Al Qaeda dealt a heavy blow by Al-Zawahiri’s death, but Biden can’t rest on his laurels yet

Osama bin Laden with his right-hand man Ayman al-Zawahiri.Image Reuters

“Justice has been done. This terrorist leader is no longer alive,” the US president announced with satisfaction that Al-Zawahiri had been killed in a drone attack on his hideout in Kabul. The success of the CIA operation is a windfall that Biden could use well as his popularity has plummeted dangerously low due to rising prices and the faltering economy.

Many Americans view the 79-year-old president as a weak leader, so the White House stressed that Biden himself was actively involved in preparing the drone strike on the house where Al Qaeda founder Osama bin Laden’s successor was hiding. . Nothing new, by the way: his predecessors Barack Obama and Donald Trump were also not afraid to highlight their role in the elimination of bin Laden (2011) and IS leader Abu Bakr al-Baghdadi (2019).

With the operation, Biden took revenge not only for the September 11 attacks, in which al-Zawahiri played a major role, but also for the humiliating retreat of US troops from Afghanistan almost a year ago. In the chaotic course of this, Biden was accused of irreparably damaging the image of the US by abandoning Afghan allies.

The precision strike on Zawahiri shows White House officials that, as Biden promised last year, the United States can hold on to threats from the country even after leaving Afghanistan, with “operations from over the horizon,” as it’s called.

Protection of Taliban

It appears that the CIA received help from informants on the ground in the drone strike on Al-Zawahiri’s hideout. That would be good news for the US. But the fact that the Al Qaeda leader was hiding in a house in a residential area where many senior Taliban officials and military commanders live is painful for Biden.

It clearly shows that the Taliban are not living up to their promise to stop hosting terrorist groups that pose a threat to the US. It is certain that Al-Zawahiri lived there under the protection of the Taliban.

Biden’s Republican opponents immediately seized the opportunity to disrupt his victory lap. Zawahiri’s presence in Kabul shows the “total failure of the Biden administration’s Afghanistan policy,” Republican Senator James Inhofe said. Republican Congressman Michael McCaul accused the president of “lying to” the American people. “Al Qaeda has not left Afghanistan, as Biden falsely claimed last year.”

As late as June this year, experts from the United Nations warned in a report that al-Qaida has been given more and more leeway under the Taliban regime since the departure of the American soldiers. The report also pointed out that numerous Al Qaeda figures have settled in the former diplomatic quarter in Kabul, though they believed at the time that Al-Zawahiri was in the inhospitable area along the border with Pakistan.

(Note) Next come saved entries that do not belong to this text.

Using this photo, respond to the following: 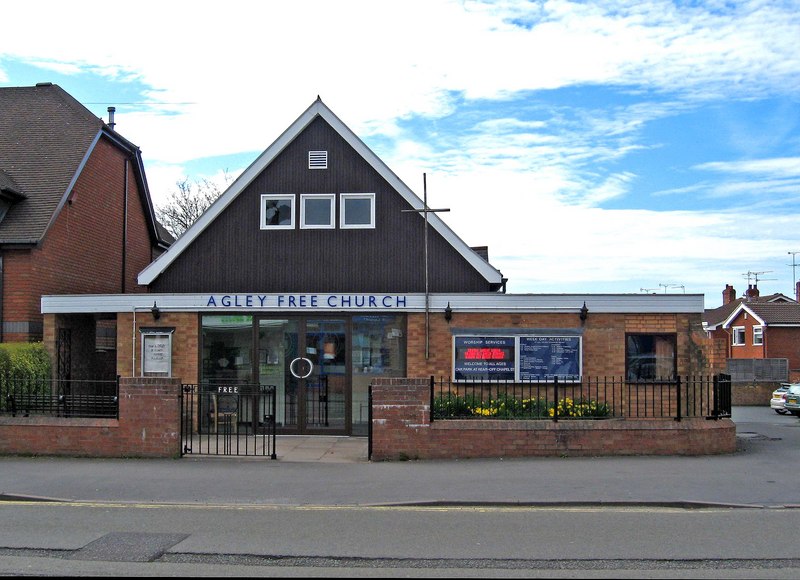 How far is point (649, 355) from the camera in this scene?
15.9 metres

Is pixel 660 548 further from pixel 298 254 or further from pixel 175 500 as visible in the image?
pixel 298 254

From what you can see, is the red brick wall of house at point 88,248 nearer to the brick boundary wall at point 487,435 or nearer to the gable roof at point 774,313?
the brick boundary wall at point 487,435

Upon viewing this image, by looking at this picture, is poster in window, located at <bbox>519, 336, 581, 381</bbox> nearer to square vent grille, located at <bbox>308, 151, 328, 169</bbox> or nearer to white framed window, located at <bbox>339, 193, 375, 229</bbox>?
white framed window, located at <bbox>339, 193, 375, 229</bbox>

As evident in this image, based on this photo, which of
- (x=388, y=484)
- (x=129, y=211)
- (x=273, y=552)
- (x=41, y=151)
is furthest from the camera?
(x=129, y=211)

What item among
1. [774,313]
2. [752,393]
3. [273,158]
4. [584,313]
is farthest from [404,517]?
[774,313]

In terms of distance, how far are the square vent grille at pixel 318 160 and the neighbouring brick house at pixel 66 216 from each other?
196 inches

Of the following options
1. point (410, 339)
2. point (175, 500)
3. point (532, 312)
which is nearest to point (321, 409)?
point (410, 339)

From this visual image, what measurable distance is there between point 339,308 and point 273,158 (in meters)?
4.00

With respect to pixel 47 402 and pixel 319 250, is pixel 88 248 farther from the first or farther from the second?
pixel 47 402

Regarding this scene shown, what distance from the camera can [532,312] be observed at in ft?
52.3

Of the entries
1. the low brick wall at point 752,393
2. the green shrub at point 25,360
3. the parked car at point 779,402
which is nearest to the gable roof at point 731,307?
the low brick wall at point 752,393

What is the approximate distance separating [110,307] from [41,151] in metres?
6.97

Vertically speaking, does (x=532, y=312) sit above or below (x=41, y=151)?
below

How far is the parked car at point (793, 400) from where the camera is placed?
29.2 meters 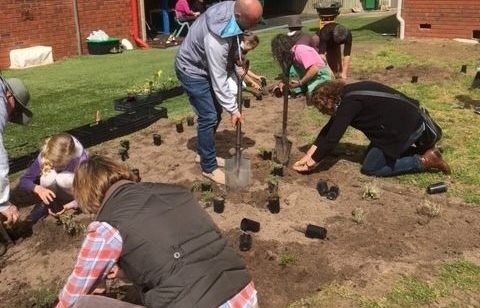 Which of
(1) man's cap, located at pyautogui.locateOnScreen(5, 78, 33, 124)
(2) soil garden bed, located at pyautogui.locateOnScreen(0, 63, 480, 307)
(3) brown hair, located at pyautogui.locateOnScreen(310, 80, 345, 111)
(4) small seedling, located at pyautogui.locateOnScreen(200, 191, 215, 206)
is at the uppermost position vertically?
(1) man's cap, located at pyautogui.locateOnScreen(5, 78, 33, 124)

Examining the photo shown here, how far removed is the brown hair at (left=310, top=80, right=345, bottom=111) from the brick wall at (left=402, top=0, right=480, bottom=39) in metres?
10.0

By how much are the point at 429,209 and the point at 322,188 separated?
100 cm

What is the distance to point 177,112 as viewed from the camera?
8062 millimetres

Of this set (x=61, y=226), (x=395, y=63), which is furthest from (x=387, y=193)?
(x=395, y=63)

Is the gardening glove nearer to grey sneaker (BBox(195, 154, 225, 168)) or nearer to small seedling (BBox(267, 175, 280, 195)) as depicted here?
grey sneaker (BBox(195, 154, 225, 168))

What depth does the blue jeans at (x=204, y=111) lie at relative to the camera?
17.2ft

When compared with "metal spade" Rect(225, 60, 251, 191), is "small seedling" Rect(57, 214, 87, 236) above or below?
below

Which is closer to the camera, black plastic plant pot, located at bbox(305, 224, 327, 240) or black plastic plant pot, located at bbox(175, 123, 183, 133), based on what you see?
black plastic plant pot, located at bbox(305, 224, 327, 240)

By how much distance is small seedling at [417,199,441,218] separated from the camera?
4590 millimetres

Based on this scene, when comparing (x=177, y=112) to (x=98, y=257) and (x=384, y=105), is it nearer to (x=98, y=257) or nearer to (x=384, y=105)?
(x=384, y=105)

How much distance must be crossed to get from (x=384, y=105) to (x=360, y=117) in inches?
9.9

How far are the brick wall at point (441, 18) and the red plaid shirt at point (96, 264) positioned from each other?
13.1 m

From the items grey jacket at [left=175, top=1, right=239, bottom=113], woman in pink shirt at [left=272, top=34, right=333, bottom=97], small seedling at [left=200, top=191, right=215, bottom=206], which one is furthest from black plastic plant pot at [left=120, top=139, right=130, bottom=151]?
woman in pink shirt at [left=272, top=34, right=333, bottom=97]

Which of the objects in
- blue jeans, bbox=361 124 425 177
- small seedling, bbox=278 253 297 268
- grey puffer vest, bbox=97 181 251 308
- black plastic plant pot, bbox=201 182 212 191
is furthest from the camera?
blue jeans, bbox=361 124 425 177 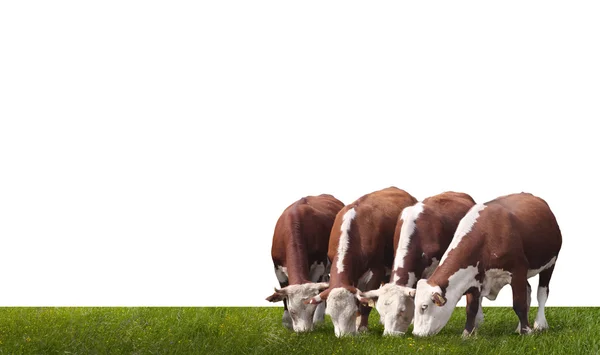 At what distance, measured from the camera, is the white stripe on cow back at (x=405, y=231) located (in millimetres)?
15508

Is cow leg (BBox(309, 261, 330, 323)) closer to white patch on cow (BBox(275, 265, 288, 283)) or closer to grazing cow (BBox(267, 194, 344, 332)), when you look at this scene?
grazing cow (BBox(267, 194, 344, 332))

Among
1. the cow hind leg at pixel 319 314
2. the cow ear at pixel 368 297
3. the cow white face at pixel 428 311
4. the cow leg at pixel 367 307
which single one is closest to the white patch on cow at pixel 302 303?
the cow leg at pixel 367 307

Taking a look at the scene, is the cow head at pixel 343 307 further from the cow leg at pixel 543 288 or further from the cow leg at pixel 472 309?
the cow leg at pixel 543 288

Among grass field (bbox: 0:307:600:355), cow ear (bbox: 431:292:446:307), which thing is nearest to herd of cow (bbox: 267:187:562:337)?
cow ear (bbox: 431:292:446:307)

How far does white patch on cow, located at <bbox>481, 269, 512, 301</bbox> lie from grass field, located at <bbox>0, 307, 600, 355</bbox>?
802mm

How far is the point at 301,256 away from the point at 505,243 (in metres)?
3.92

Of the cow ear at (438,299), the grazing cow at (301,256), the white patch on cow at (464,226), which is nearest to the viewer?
the cow ear at (438,299)

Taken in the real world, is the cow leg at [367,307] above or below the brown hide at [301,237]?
below

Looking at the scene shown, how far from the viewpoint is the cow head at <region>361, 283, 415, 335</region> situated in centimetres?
1478

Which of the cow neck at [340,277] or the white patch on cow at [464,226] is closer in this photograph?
the white patch on cow at [464,226]

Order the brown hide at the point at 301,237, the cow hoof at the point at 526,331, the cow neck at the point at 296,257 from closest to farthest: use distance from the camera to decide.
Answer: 1. the cow hoof at the point at 526,331
2. the cow neck at the point at 296,257
3. the brown hide at the point at 301,237

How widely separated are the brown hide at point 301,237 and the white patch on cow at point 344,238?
95cm

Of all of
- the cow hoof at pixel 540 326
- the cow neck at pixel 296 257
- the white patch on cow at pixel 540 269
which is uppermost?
the cow neck at pixel 296 257

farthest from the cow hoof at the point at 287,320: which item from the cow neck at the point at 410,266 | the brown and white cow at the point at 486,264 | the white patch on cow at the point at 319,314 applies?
the brown and white cow at the point at 486,264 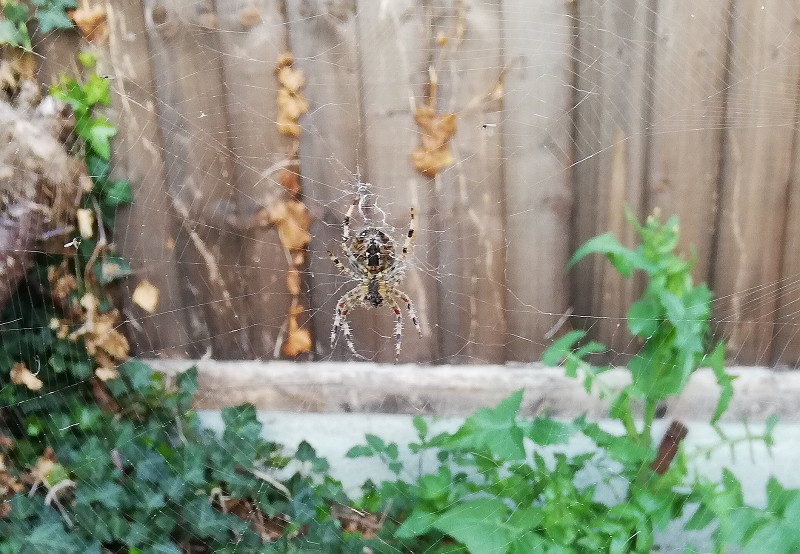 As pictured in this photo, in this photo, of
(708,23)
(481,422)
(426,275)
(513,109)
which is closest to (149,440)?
(426,275)

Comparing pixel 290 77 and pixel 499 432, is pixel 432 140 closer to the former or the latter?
pixel 290 77

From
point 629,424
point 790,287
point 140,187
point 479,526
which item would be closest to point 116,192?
point 140,187

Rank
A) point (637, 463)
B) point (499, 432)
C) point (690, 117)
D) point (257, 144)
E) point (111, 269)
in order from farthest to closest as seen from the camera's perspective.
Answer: point (111, 269) → point (257, 144) → point (690, 117) → point (637, 463) → point (499, 432)

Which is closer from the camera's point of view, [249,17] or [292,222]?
[249,17]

Earlier, New York’s Soufan Center, which deals with terrorist groups, warned that Al Qaeda was in the process of regrouping and arming after the US withdrawal. Hundreds of Al Qaeda fighters are said to receive training from the Taliban and foreign jihadists in Helmand province.

Doha Agreement

For Al Qaeda, the death of the experienced Al-Zawahiri, a man who has worked with Osama bin Laden himself, is undoubtedly a heavy blow. Yet Afghanistan experts warn that it will certainly not mean the end of the terror group. For now, the Taliban have shown no inclination to cut ties with al-Qaeda, despite the promises they made in the 2020 Doha agreement with the US under President Trump.

President Biden reaffirmed yesterday that the US will not tolerate Afghanistan once again becoming a base for terrorist groups under the Taliban. But his problem is that the Taliban regime, in which the radical wing has gained the upper hand, will not be very impressed. The Taliban know that there is no appetite among Americans for a new military adventure in Afghanistan, especially not Biden himself.